[REQUIRED WORK] Transcribe the entries below word for word, beginning at the line with "White car right-hand headlight" and stopping after the line with "Group of bell"; drop all pictures.

[DATASET EXCERPTS]
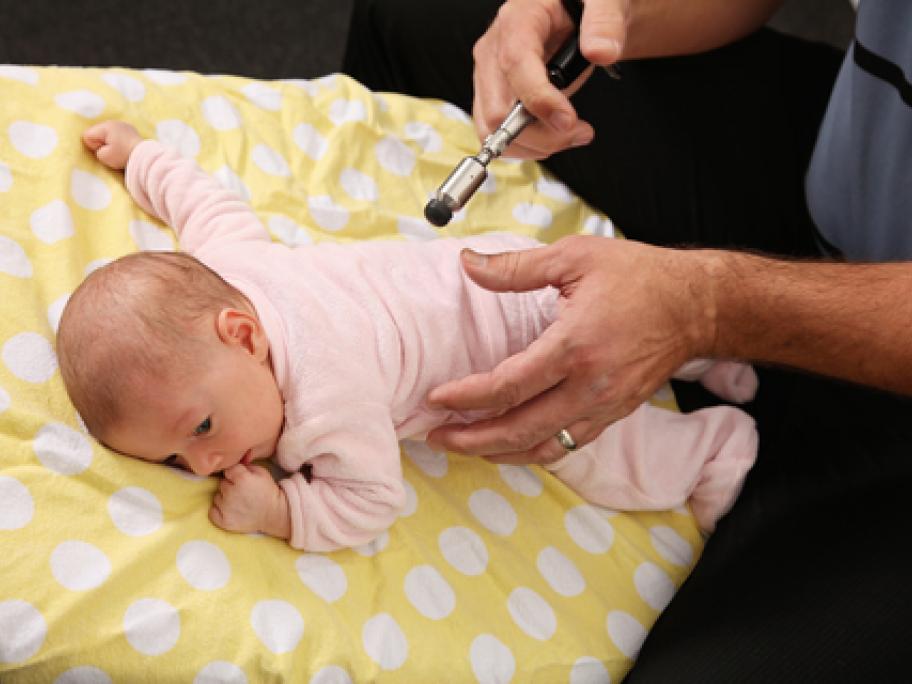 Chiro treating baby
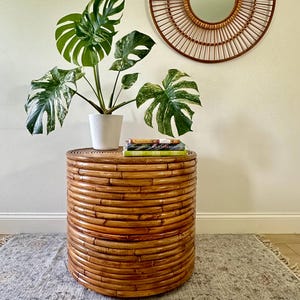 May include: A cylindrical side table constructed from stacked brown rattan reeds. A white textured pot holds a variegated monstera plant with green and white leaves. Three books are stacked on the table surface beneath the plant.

* * *

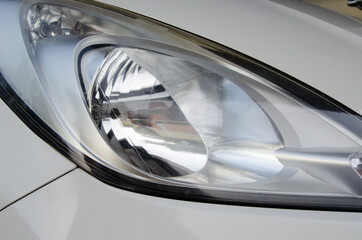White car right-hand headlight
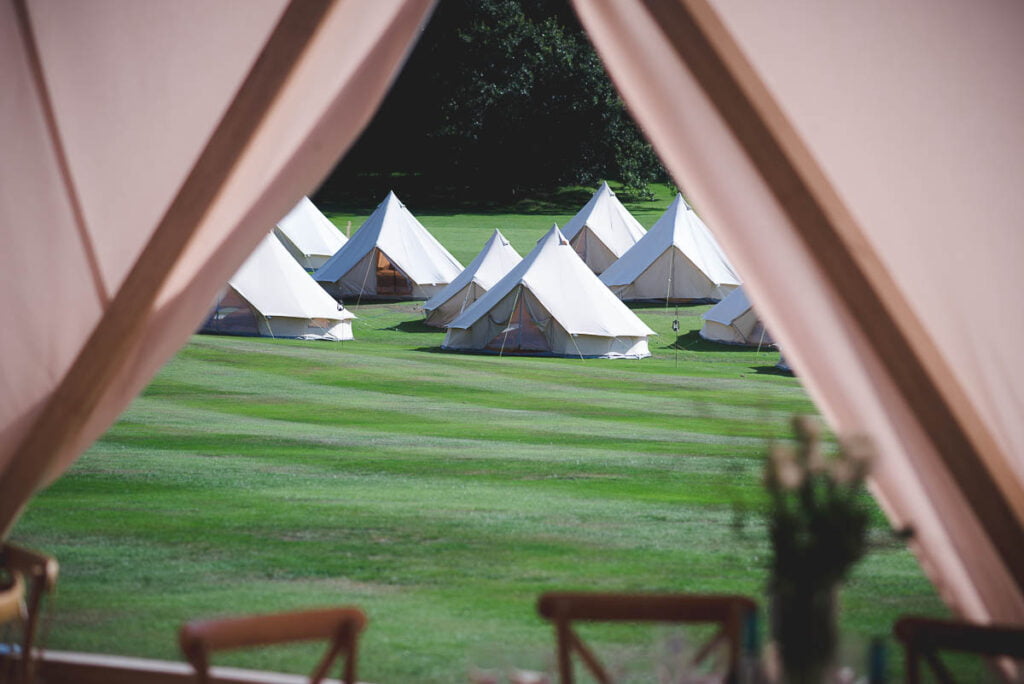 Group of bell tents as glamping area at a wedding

...

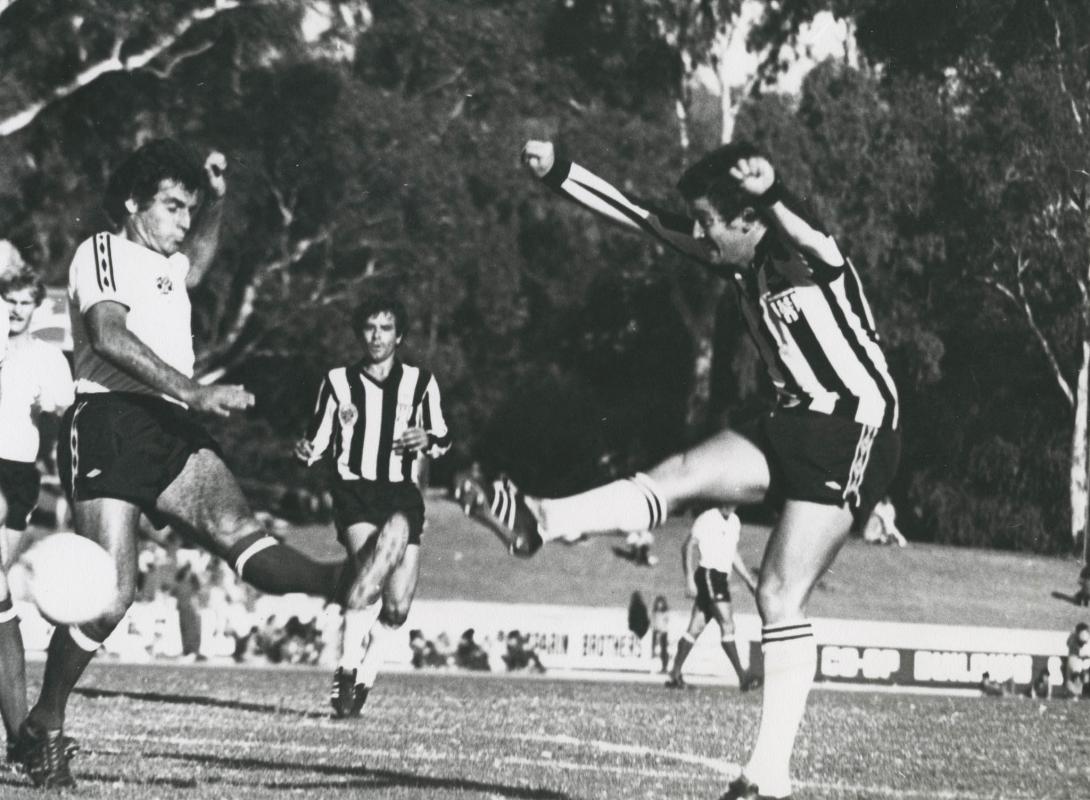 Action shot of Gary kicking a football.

[RESPONSE]
White car right-hand headlight
 Group of bell tents as glamping area at a wedding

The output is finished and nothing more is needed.